Lebanon needs its leaders to lead it out of crisis

It is now up to our leaders to make sure that our country is viewed as an attractive destination for regional and international capital, ensuring that the country will be returned to its status as an entry point for foreign investment to the Middle East. This investment will only return in earnest when Lebanon puts its house in order, but every day without reform and real leadership sees Lebanon’s economy lose ground. UN figures show that foreign direct investment (FDI) stocks in Lebanon plummeted from $68bn to $17.7bn between 2019 and 2020.

We have to demonstrate to the world that we are not a lost cause. We are fortunate that the Lebanese are renowned for our hard work and business acumen and there is no doubt that the Lebanese people are well acquainted with adversity. Lebanon must act now to give others the confidence to invest in our country once again and enable Lebanon to rebuild.

Lebanese businesses and entrepreneurs are up to the task and can be a crucial engine of reform.

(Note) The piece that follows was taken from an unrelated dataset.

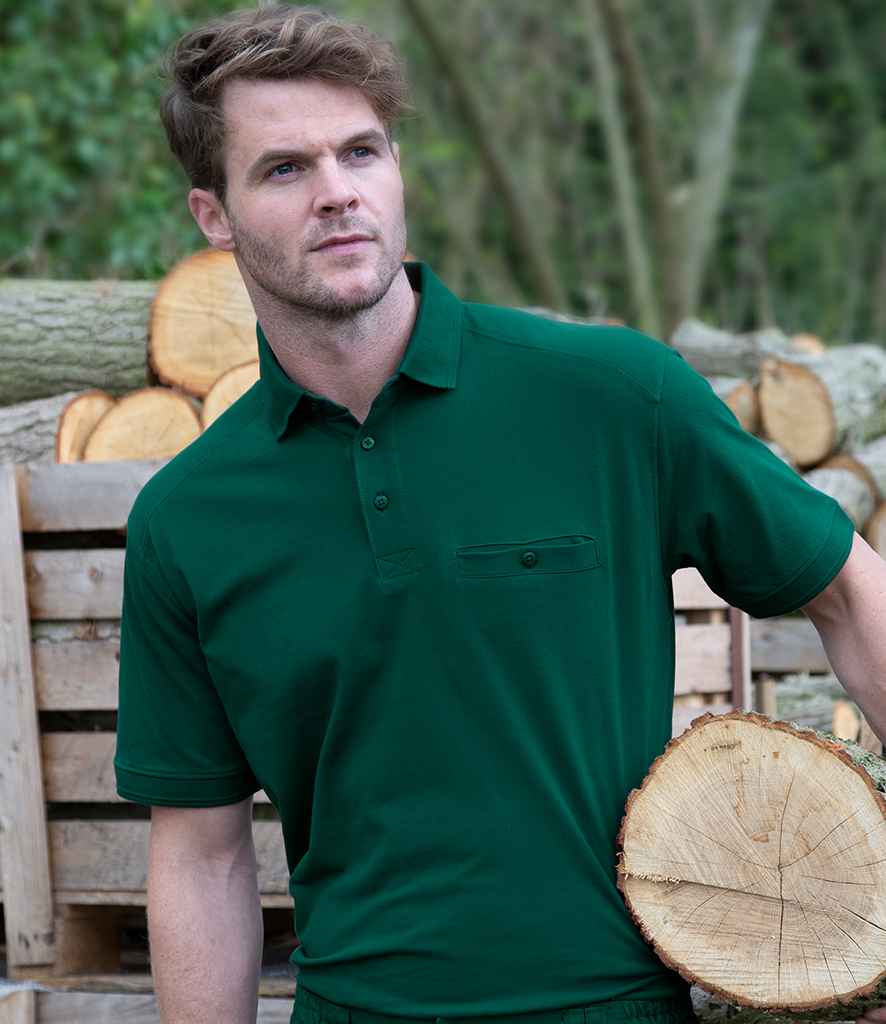 Result Work-Guard Apex Pocket Pique Polo Shirt in Bottle Green by Result Work-Guard — Custom branded clothing by Print Press, featuring premium embroidery produced in our specialist print lab in the UK.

Removing the state’s control over key industries and services will enable competition that delivers effective services, rather than the sectarian one on which too many public services presently depend. There is international consensus that this is the right course of action. In 2019, McKinsey ranked Lebanon 113th of 137 countries in terms of infrastructure, and challenges are widespread. The World Bank identifies our “low grade” infrastructure as a long-term structural vulnerability due to a dysfunctional electricity sector, water supply shortages and inadequate waste management.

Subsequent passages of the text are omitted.